独、ユーロ圏諸国の国債空売り禁止 11年3月末まで
【ベルリン=赤川省吾】ドイツ連邦金融監督庁は18日、ユーロ圏16カ国の政府が発行する国債の空売りを禁止すると発表した。「大量の空売りが債券価格の乱高下につながっている」(同庁)として19日から空売り規制を導入し、2011年3月末まで継続する。ユーロ圏が資金繰り難に陥った国への支援策や、財政再建策を打ち出したにもかかわらず市場の混乱が続くため、投機抑制に強硬姿勢を見せる。

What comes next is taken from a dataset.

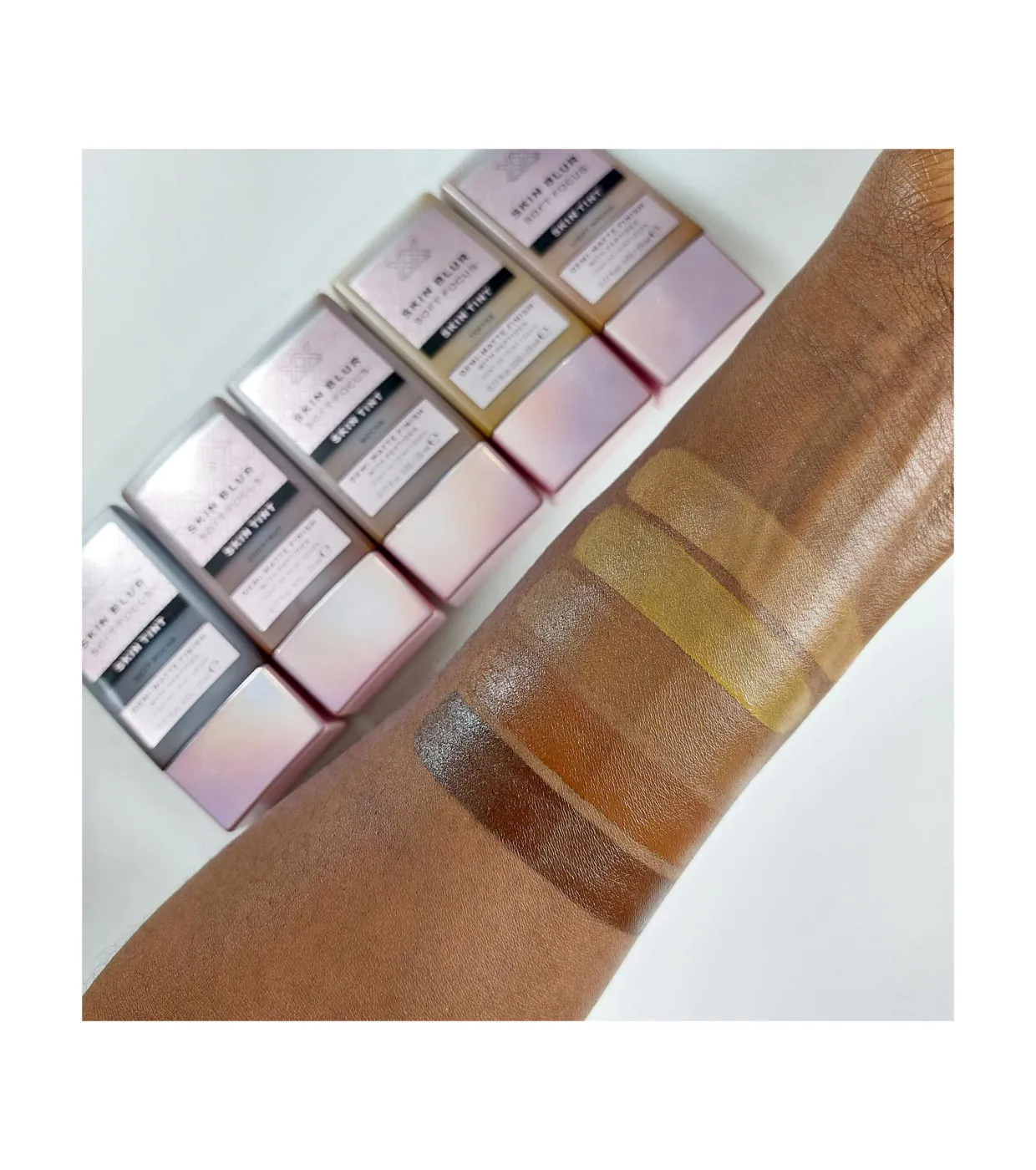 XX REVOLUTION  BASE DE MAQUILLAJE SKIN BLUR SOFT FOCUS SKIN TINT  MOCHA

債券などがデフォルト(債務不履行)になるリスクの目安とされる金融商品の「クレジット・デフォルト・スワップ(CDS)」や、ドイツ銀行など一部の金融機関株も規制対象となる。債券を保有していない市場参加者が債券価格の下落を狙って売買を繰り返すのを防ぐ狙いがある。
フランクフルトなどドイツの金融市場の国際競争力の低下を懸念する独政府は金融規制について、「国際的な協調体制が整ってから導入しないと意味がない」との立場だった。ドイツだけが規制を実施しても効果が小さいとの見方もある。だがユーロ圏の国債市場の混乱が収まる気配を見せないため、単独での規制に踏み切る。
国債買い取りを始めた欧州中央銀行(ECB)の側面支援という色彩もありそうだ。国債市場の取引正常化を図るという点でECBに独政府が足並みを合わせた。
欧州連合(EU)は18日の財務相理事会でヘッジファンド規制を決定。オーストリア政府は周辺国に対し、すべての金融取引に課税することを働き掛けており、欧州は金融市場への規制強化に急速に傾いている。